The NY chapter has a bureaucracy set up to organize, provide supplies and planning, and do all the other things a non-profit would do. It's actually very strict on accounting. In an interview on NPR Friday, one of the organizers (who is in charge of finances) described a long process to get approval for even routine spending. In order to buy plastic containers, the request had to be debated by the committee in charge of site logistics, then presented to the financial committee (about a dozen people, if I heard right), which presented it to the leadership committee, which then put it before a general assembly for debate. Same thing to send $20,000 to another chapter.

They NY protest alone has received over $2M in donations. Recently the committees approved issuing debit cards to the various committees that can suggest spending, so certain things can be done without debate. But they all went in with one person's name, so that needs to be redone.

But don't mistake this for a bunch of students holding signs and arguing about where to site tents.

Malor wrote:
Yonder wrote:

Don't worry, Obama is saving all that transparency he promised us for that second term. sh*t will get real transparent then.

IMAGE(http://www.malor.com/gamerswithjobs/obama_frog.jpg)

That I totally get what that cartoon is referencing is a stark reminder of just how old I'm getting.

I know for my part I've been donating to OWS and have been donating to the ACLU since the day the Patriot Act passed.

ACLU is a great suggestion, as is the EFF. My concern with OWS is that it doesn't distinguish between inequities in wealth which come from natural differentials in ability & execution in a capitalistic society, vs inequities which come from political advantage and favoritism.

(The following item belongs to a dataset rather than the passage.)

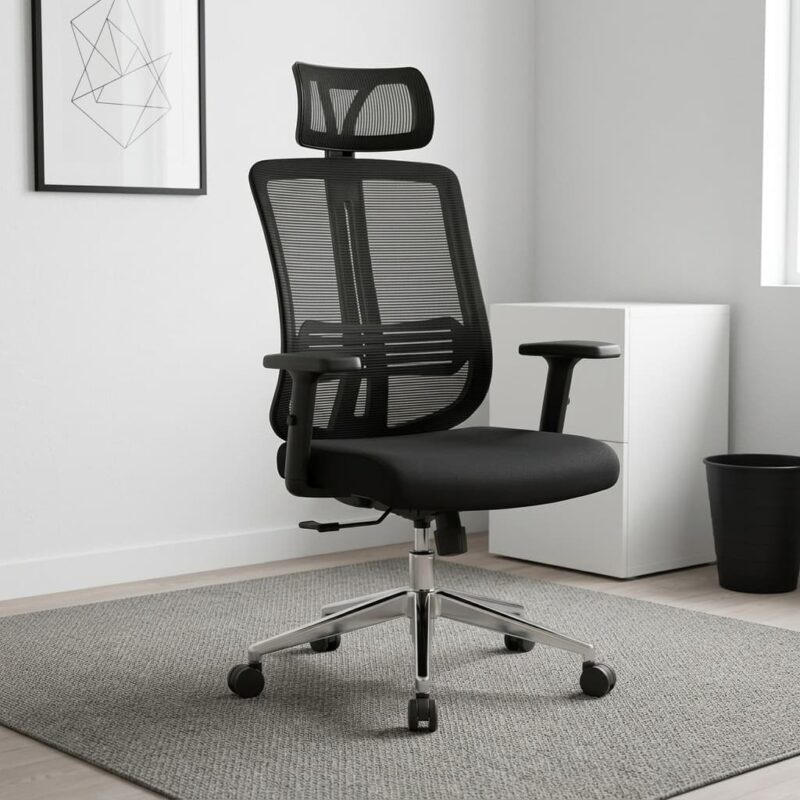 Height adjustable orthopedic office chair featuring a breathable black mesh backrest with an adjustable headrest, integrated lumbar support band, cushioned black seat, height-adjustable T-armrests, pneumatic seat height adjustment, and a polished chrome five-star base on smooth-rolling casters.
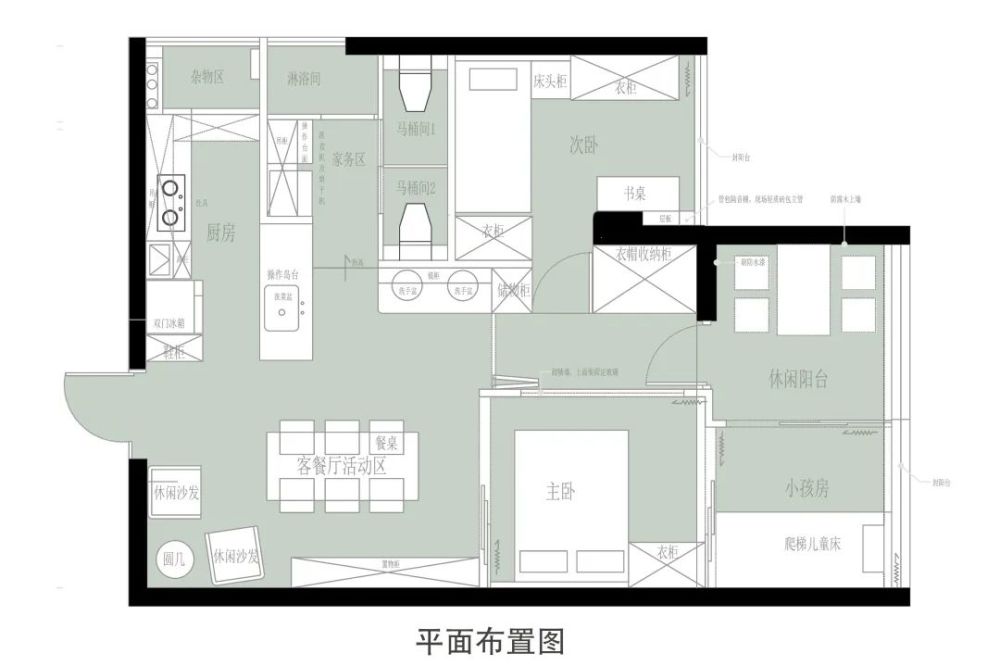 深圳装修设计 65㎡塞下三室两卫还有大岛台和超美阳台,她家把日式收纳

The former drives prosperity, and the latter is highly corrupting and anti-competitive.

I wish the OWS conversation would focus around transparency / money in politics / regulatory capture. Instead, the "99%" crowd has become the media meme (pushed, perhaps, by those who wish to marginalize the protests), and the public face of OWS.

johnny531 wrote:
I know for my part I've been donating to OWS and have been donating to the ACLU since the day the Patriot Act passed.

ACLU is a great suggestion, as is the EFF. My concern with OWS is that it doesn't distinguish between inequities in wealth which come from natural differentials in ability & execution in a capitalistic society, vs inequities which come from political advantage and favoritism. The former drives prosperity, and the latter is highly corrupting and anti-competitive.

I wish the OWS conversation would focus around transparency / money in politics / regulatory capture. Instead, the "99%" crowd has become the media meme (pushed, perhaps, by those who wish to marginalize the protests), and the public face of OWS.

Are you sure the first bold part is true and not just a result of the 2nd bold part?

This is the first OWS website that comes up when you google "99%".

We are the 99 percent. We are getting kicked out of our homes. We are forced to choose between groceries and rent. We are denied quality medical care. We are suffering from environmental pollution. We are working long hours for little pay and no rights, if we're working at all. We are getting nothing while the other 1 percent is getting everything. We are the 99 percent.

I'd argue that natural capitalism does not need to limit prosperity to 1%. If the inequity has reached that point - and it has - something is broken. Whatever the fixes are, we need to look at them, not reject them out of hand for ideological reasons.